Referring now to FIGS. 11 and 12, a third preferred embodiment of the invention is shown to comprise a cutting head 200 mounted over a workholder 201. Cutting head 200 is alternatively like head 110 of FIGS. 7-9, and includes upper and lower drums 202 and 203 traversed by an abrasive belt 204. Conventional mounting, drive, and belt centering means not shown are included.

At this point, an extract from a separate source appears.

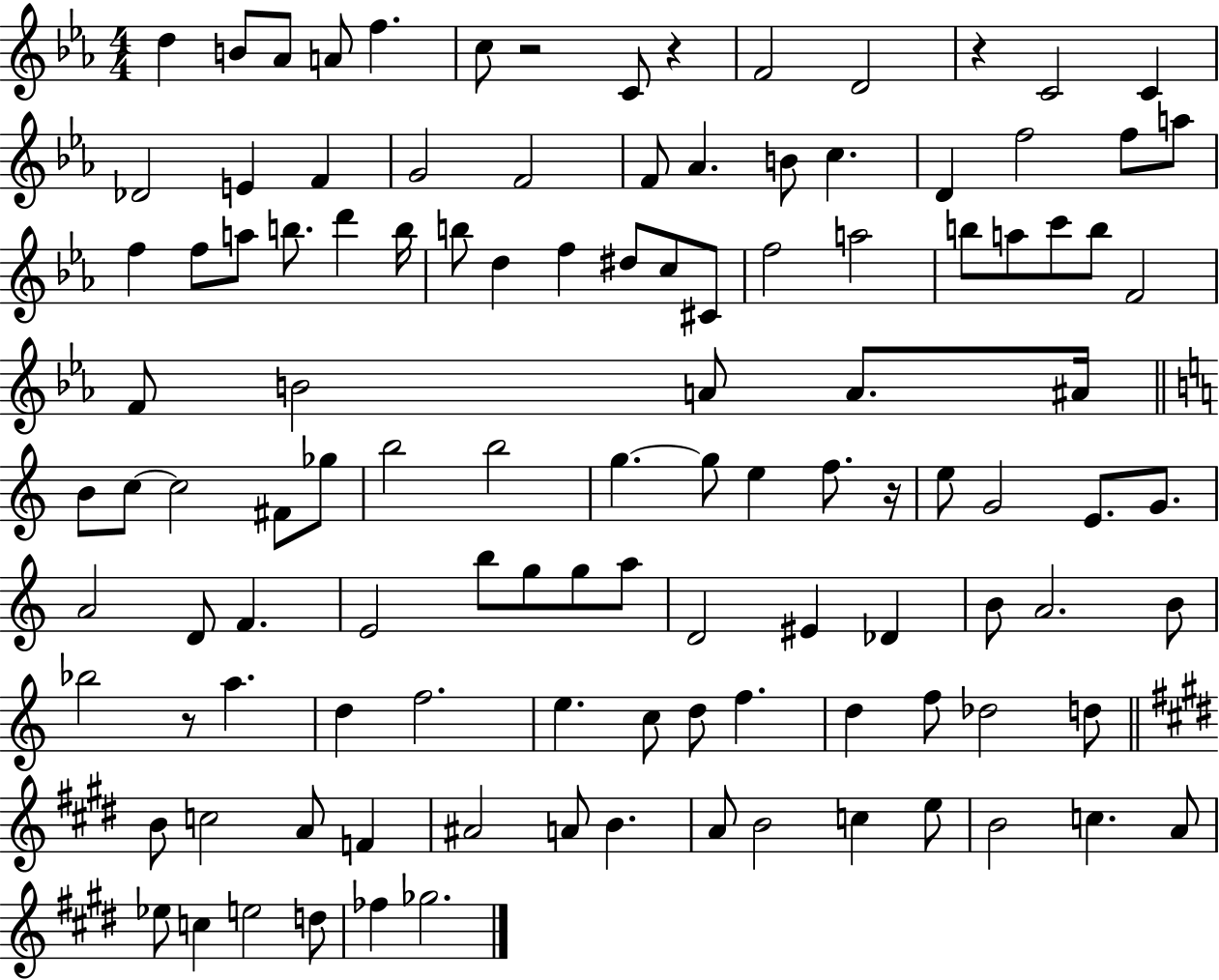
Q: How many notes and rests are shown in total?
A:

A workpiece is mounted in any conventional fashion on a table 205, which is mounted on a carriage 206 and is capable of rotation about a vertical axis by a hydraulic motor 207 through a belt 210. Carriage 206 and motor 207 are mounted on the outer slide 211 of a nest 212 of such slides, to enable horizontal linear movement of carriage 206 in a direction parallel to the axis of drum 203 and hence to the working edge of belt 204. The inmost slide 213 of nest 212 is carried by a suitable support 214, and hydraulic means suggested at 215 cause movement of carriage 206 as indicated by the arrow 216, when such is desired. As in FIGS. 7 and 9, support 214 may be provided with rapid and fine vertical motions, suggested by the arrow 217.
The general operation of this embodiment of the invention is as that described for the second embodiment: two added factors are present, however, which must be mentioned specifically.
As a factor of convenience, table 205 may be withdrawn from under cutting head 200 for mounting workpieces without interference, after which the workpiece can be moved under the cutter head by hydraulic motor 215. Thereafter the workpiece is raised and rough-cut as described above, while belt 204 remains centered. Vertical feed is then arrested.
A special feature of the third embodiment lies in the fact that the workpiece can be withdrawn laterally from the belt while both are still in operation, this withdrawl being aligned with the working edge of the belt. It has been found that this final step increases both the flatness of the finished workpiece and the perfection of the dressing of the belt.
From the foregoing it will be evident that I have invented a new procedure for using abrasive belts for production grinding of surfaces of great flatness with unprecedented economy of belt usage, as well as three different structures by which the inventive procedure may be carried out. The procedure comprises the steps of rotating the workpiece about an axis and simultaneously bringing about linear relative motion between the workpiece and the belt having at least a component aligned with the working edge of the belt. In one of the embodiments the belt is narrower than the axial dimension of the drums, and the linear motion is accomplished by causing oscillation of the belt axially on the drum.
Numerous characteristics and advantages of the invention have been set forth in the foregoing description, together with details of the structure and function of the invention, and the novel features thereof are pointed out in the appended claims. The disclosure, however, is illustrative only, and changes may be made in detail, especially in matters of shape, size, and arrangement of parts, within the principle of the invention, to the full extent indicated by the broad general meaning of the terms in which the appended claims are expressed.